Thin films are used to coat optical sensors, engine parts, semiconductor devices, and thin-film photovoltaics. Photovoltaics are widely used in the production of the most common solar panels, so having the ability to measure thin film thickness is important.

Methods

One of the most common methods is Ion Beam Analysis using a Rutherford Backscattering technique (RBS). The advantage of this method is that it requires no sample preparation and analysis takes a matter of minutes.

The results are absolute and do not require sample-matched standards or any other assumptions about the sample. RBS enables analysts to detect film roughness along with things like contamination.

Heavy Ion Elastic Recoil Detection (HI-ERD) is also commonly used. Similar to RBS, it looks at the results rather than the scattered particle using a heavy ion beam with recoil artificial intelligence.

Other methods including Ellipsometry and Profilometry are not as accurate as RBS. Ellipsometry relies on the model being used for interpretation.

Profilometry is direct and sensitive (it can measure less than 10 nm film thickness) but it can only measure the location of the step. This means one has to depend on the film being uniform, which it often isn’t. Profilometry also forces an assumption on the density of the thin film, resulting in analysts being misled by oxidation or contamination.

The Robots

The measurement of thin films heavily relies on the ability to detect and measure the light spectrum.

A microspectrophotometer used by CRAIC systems, can detect film thickness by utilizing spectrophotometric measurements in reflection or transmission. The best way to explain its operation is to take the example of looking at oil in water.

The colors of the rainbow are reflected on the surface, due to light being reflected from the top and bottom surface of the oil (oil-air and oil-water interface).

Depending on the film thickness and the angle in which it is observed, the colors will change and one of them can be seen at a particular point. When the angle of observation moves, the color will change.

The microspectrophotometer can measure the colors in transmission or reflection, resulting in an interference pattern in the spectrum. The thickness of the film can then be calculated with a high degree of accuracy.

Another robotic system used to measure thin film thickness is the Materials Acceleration Platform (MAP). Part of a Self-Driving Robotic Platform, MAP can analyze and optimize thin films used commonly in energy conversion, storage, and energy conservation technology.

MAP works by being able to modulate the optical and electronic properties of thin films by changing the film composition, deposition parameters, and annealing (heat treatment) conditions. MAP is a highly sought-after platform due to its mobility.

Thin-film measurement is also widely used in the automotive industry. It is used to help engineers in measuring the correct thickness of vehicle surface paint and mechanism protective layers. Knowing the thickness of film coatings is essential to improve efficiency and durability.

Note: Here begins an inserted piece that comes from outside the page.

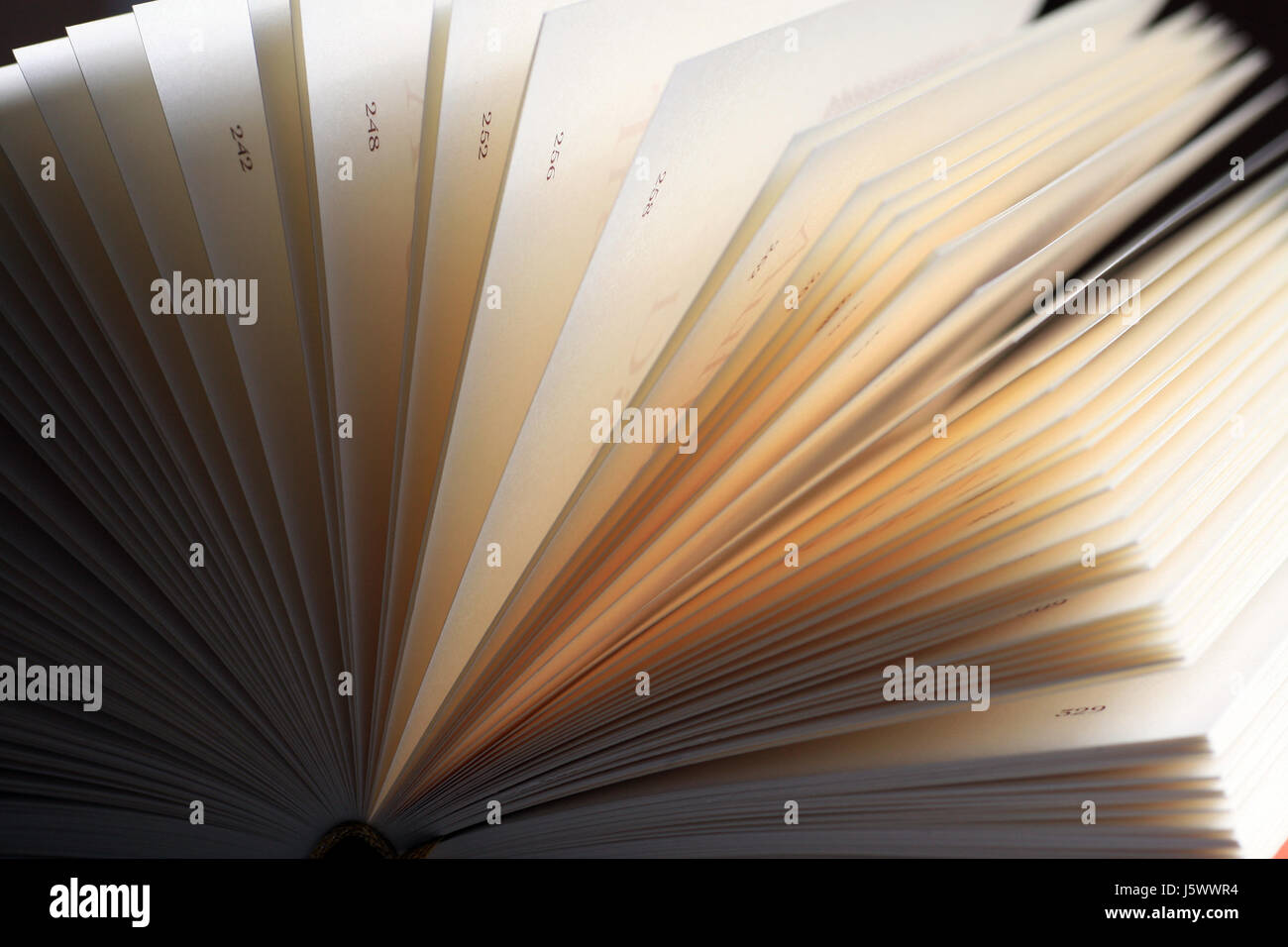 Page facts hi-res stock photography and images - Alamy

With many vehicles having primers of less then 40 microns (0.04 mm), automated robotic systems are an essential tool in the construction process. The robotic PELT system is an automated online coating thickness management system used in assembly plants around the world.

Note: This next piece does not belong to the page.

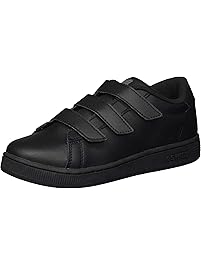 K-Swiss Kids' Clean Court 3-Strap Sneaker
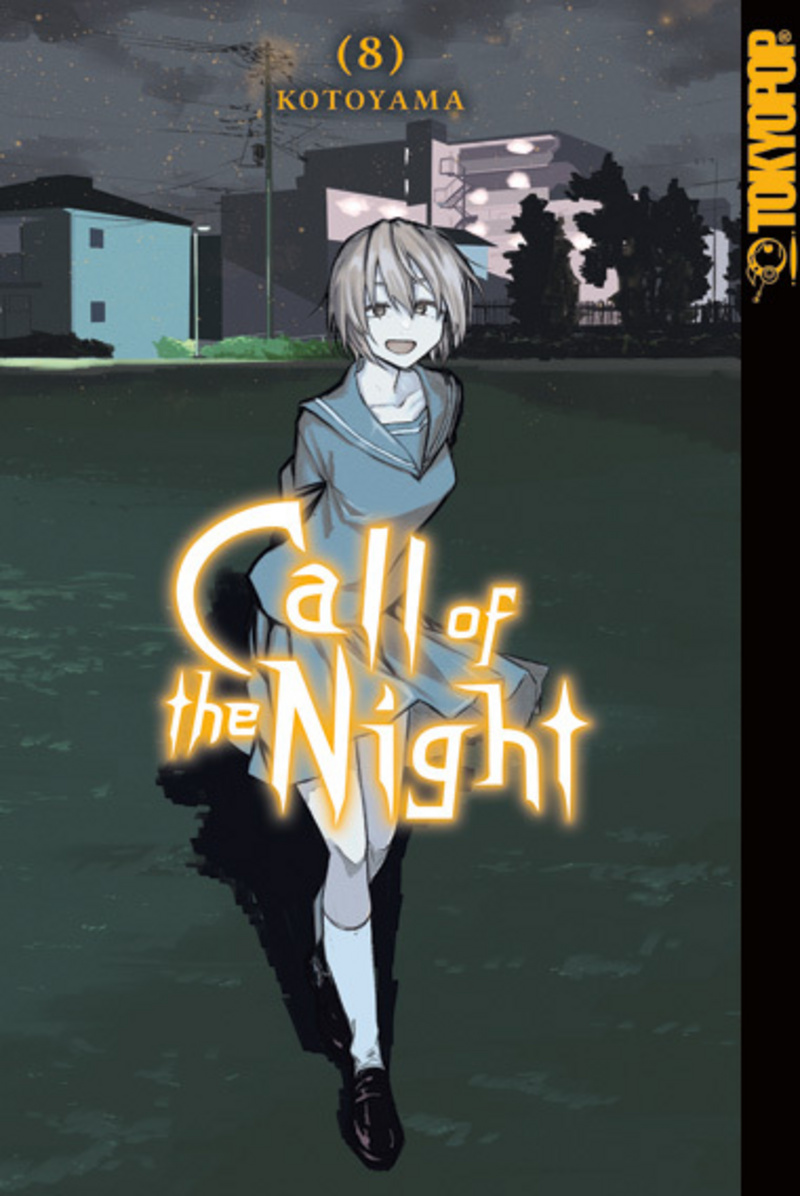 Call of the Night - Tokyopop - Band 08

The system is equipped with multiple sensors, enabling it to provide accurate data across 16 channels of measurement. This provides engineers with a continuous stream of online coating thickness data, allowing them to calculate the exact proportions of film needed to coat the surface of a vehicle.

Industrial robots have made it possible to accurately measure thin film thickness, but also to apply this data in a beneficial way across multiple sectors including automotive, energy conservation, and medicine.

Sources and Further Reading

Disclaimer: The views expressed here are those of the author expressed in their private capacity and do not necessarily represent the views of AZoM.com Limited T/A AZoNetwork the owner and operator of this website. This disclaimer forms part of the Terms and conditions of use of this website.

John Allen

Written by

John Allen

John is an award-winning writer and speaker. He holds a BA Hons. in Theological Studies from the University of Exeter as well as diplomas from the London School of Journalism and the Open University. John has worked in both the healthcare and digital sectors researching and writing about the latest developments in life sciences, robotics, space exploration, and nanotechnology.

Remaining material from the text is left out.